Student Scarfie Card scheme creator  Aaron Thompson  displays some of the cards at City College,...
Student Scarfie Card scheme creator Aaron Thompson displays some of the cards at City College, one of two colleges participating in the pilot scheme this year. Playing with the cards behind him are residential assistants (from left) Bianca Burgess-Heald, Mitch Nganeko, Kate Alfeld, Alesha Clark and Sally Cao, watched by head of college Joy Crawford and associate head of college Ben Pereira. Photo by Linda Robertson.
In return for a few hours' work, Dunedin tertiary students will soon be able to claim rewards like meals out, ski passes, concert tickets and free admission to tourist attractions.

It is a concept which has taken students some time to get their heads around, Scarfie Card creator Aaron Thompson said.

"It has been met with a bit of pleasant disbelief. They are going to get stuff which is actually worthwhile. They probably thought they would get balloons or lollipops."

Mr Thompson, director of Christian campus organisation Student Life, came up with the idea as a way of diverting attention from Dunedin's perceived student drinking culture and reconnecting students to their community.

He has spent more than a year crystalising the details, developing a website and bringing partners on board.

There are now more than 20 partners including the Dunedin City Council, Otago University Students Association, University of Otago, Age Concern and several local businesses.

Brochures have been printed and distributed to places like doctors' rooms, physiotherapists' rooms, kindergartens, schools and sports clubs.

A $25,000 funding injection has enabled project manager Allister Laurent to be employed and the scheme to be launched as a pilot this year to all Castle St residents and to students living in two residential colleges, Aquinas and City College.

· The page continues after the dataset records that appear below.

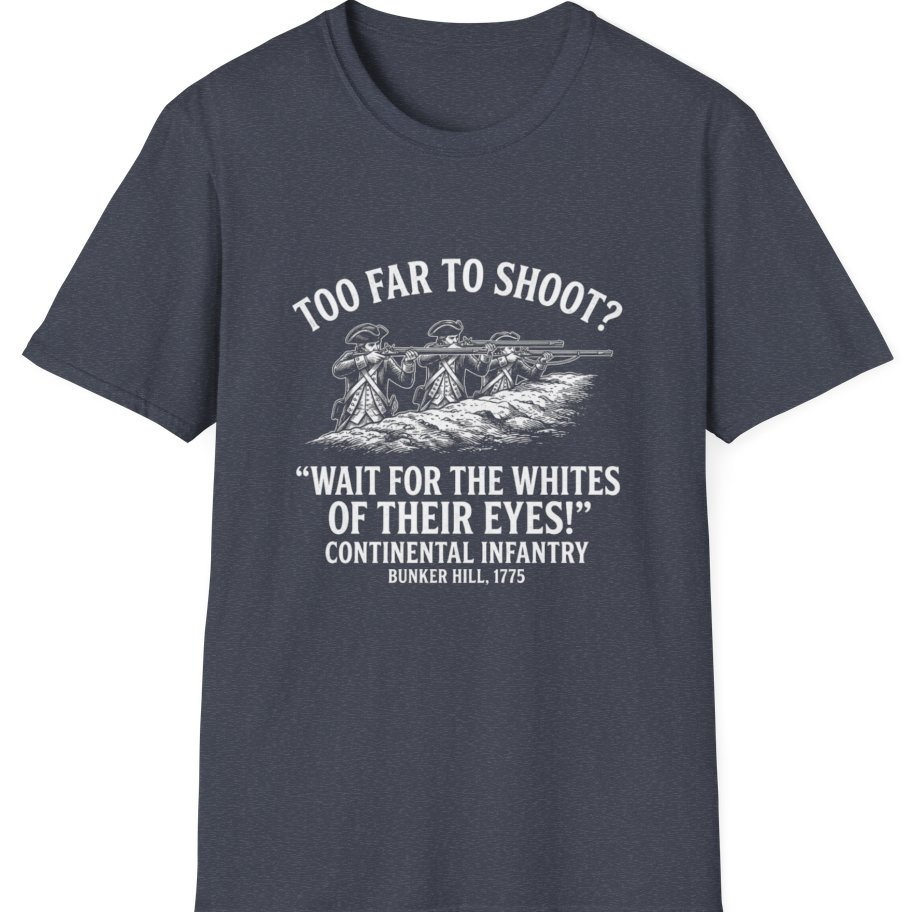 Whites of Their Eyes Bunker T-Shirt - Heather Navy front
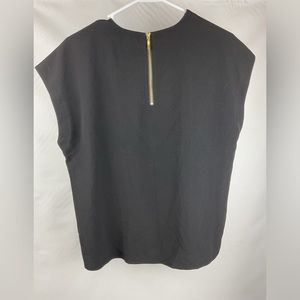 Xpress black crewneck 100% polyester cap sleeve shirt Size Xs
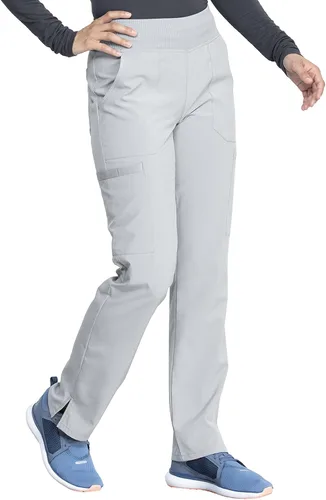 Vista 7 de Pantalón médico Dickies EDS Essentials para mujer, tiro natural, pierna cónica, sin cordones. DK005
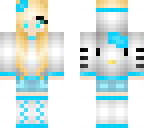 blue hello kitty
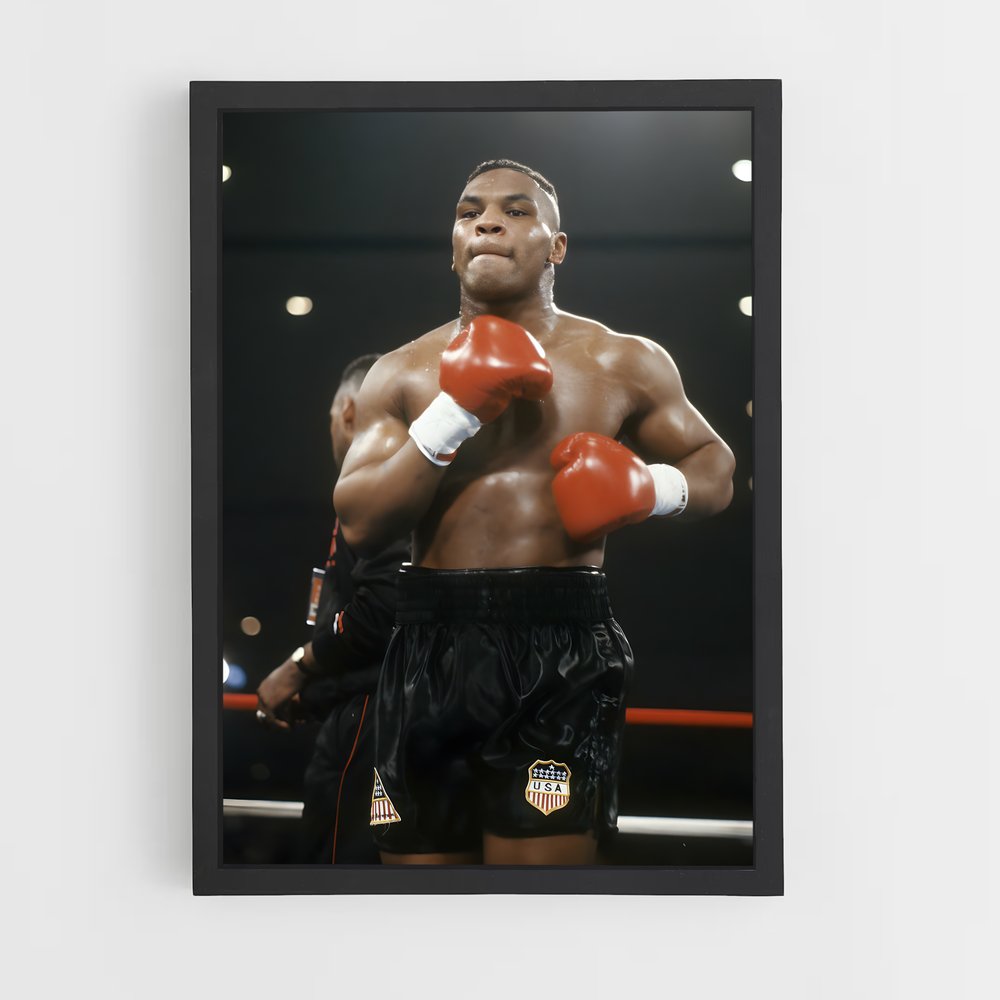 Poster Mike Tyson Ring – affiche Boxe (vue 2)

Initially, only 1000 students will be able to sign up, with more than 500 rewards on offer.

Asked what would happen if rewards ran out, Mr Thompson said it would be "amazing".

"I see the rewards as a bonus and would hope students would too."

The other element of the scheme involves distributing a free pack of playing cards to students - this year to the students in the pilot group.

The cards list things to do and places to see in Dunedin and surrounds, directions on how to get there and links to various websites.

"Even if they never volunteer, the cards are a gift from the city ... to show students that there is plenty to do here. I got tired of hearing students say they were drinking because there was nothing to do. It's rubbish. I hope the cards will motivate them to explore the community and get out and meet people."

Interest in the volunteering Scarfie Card scheme was high right from the time he announced the concept six months ago, he said.

Mr Thompson did not know how many students would volunteer but was optimistic, saying: "Our hope is that if students try it out it will become contagious and they will get others involved."

Head of City College Joy Crawford said she had been talking to and listening to Mr Thompson for several years.

Both shared a desire to change the perception among some students that excessive drinking was the norm.

She was right behind the Scarfie Card.

"It is a fabulous idea. It must be, otherwise we wouldn't buy into it."

Scarfie Card
• Voluntary work opportunities posted on website, www.scarfiecard.co.nz Students register to complete projects.
• Students receive points for labour, redeemable for rewards.
• Work opportunities and students' work monitored by project manager; students must adhere to code of conduct.
• Pilot scheme only this year, starting March 1.
• May be expanded to all students next year, if successful.